1950’de Tek Parti Cumhuriyetinden sonra yaşanması gereken değişimi yine yaşayamadık ve fırsatı heba ettik. Türkiye, halen Cumhuriyetin kuruluşunda geliştirdiği o tarihlerin güncel ideolojisini resmi ideoloji adı altında mumyalaştırmış, kutsallaştırmış değişime direnerek varoluş anksiyetesini çözememiştir.

Paternalist yaklaşımlar özeleştiri yaptırmaz ve gelişmeyi engeller yazılı olmayan kuralları, inançları ve kutsalları vardır. Bu nedenle travmayı çözemez. Ünlü ve Politik Psikoloji çalışmaları ile tanıdığımız Prof. Vamık Volkan “Türkiye Osmanlı’nın ve Atatürk’ün yasını tutmayı başaramamıştır” derken haklıdır.

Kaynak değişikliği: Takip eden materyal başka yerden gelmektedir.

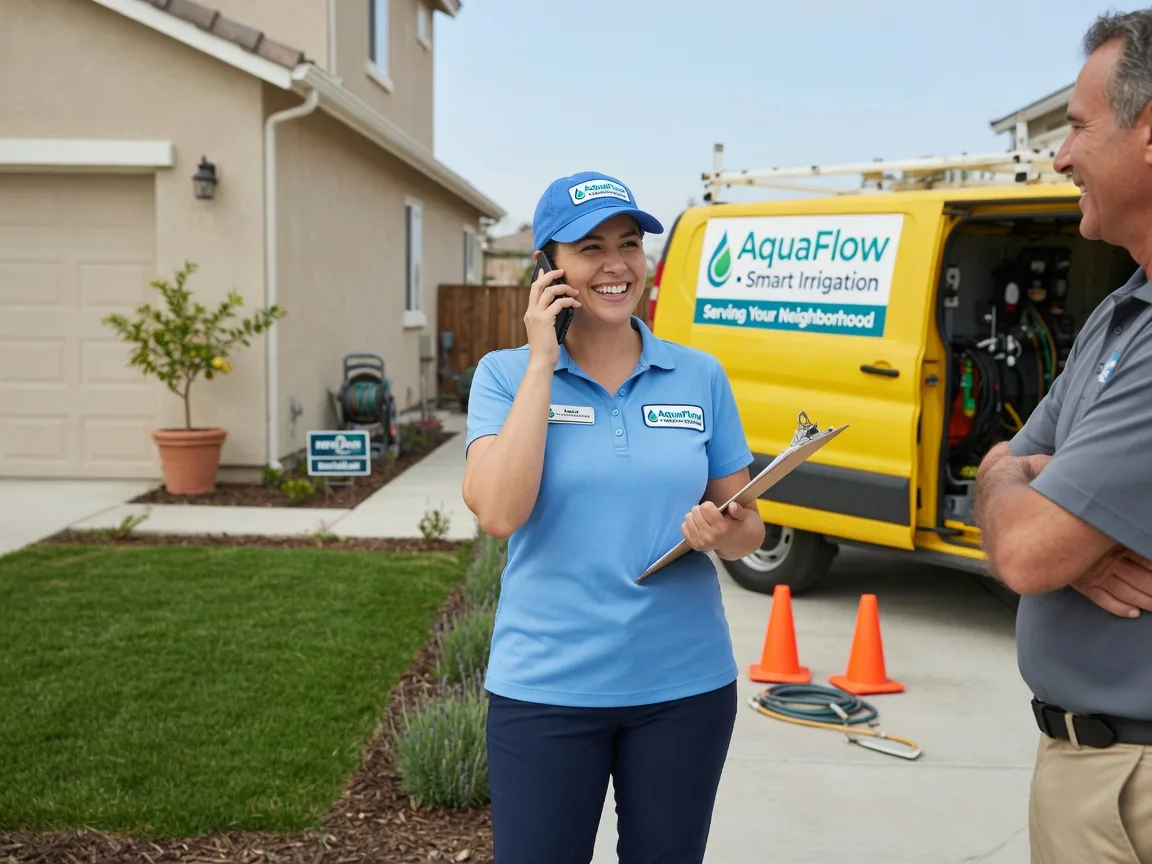 Irrigation Installation Washington FAQs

‘T.C.’ Osmanlı sonrası baba kompleksi ile hareket ederek modernizmi iç barışı bozacak şekilde yönetmiştir. 1950 sonrasında ise çok partili Cumhuriyete geçerken paternalizm yani babacılık ile hareket ederek tek parti dönemindeki değerleri mumyalaştırarak ve kutsallaştırarak değişime direnmektedir.

Aydınlar çifte standartlı

Bunun nedeni toplumdan çok, güvendiğimiz aydınların çifte standardıdır. Yöneticilerin kendi menfaatlerini ülkenin menfaatinden önce tutmalarıdır.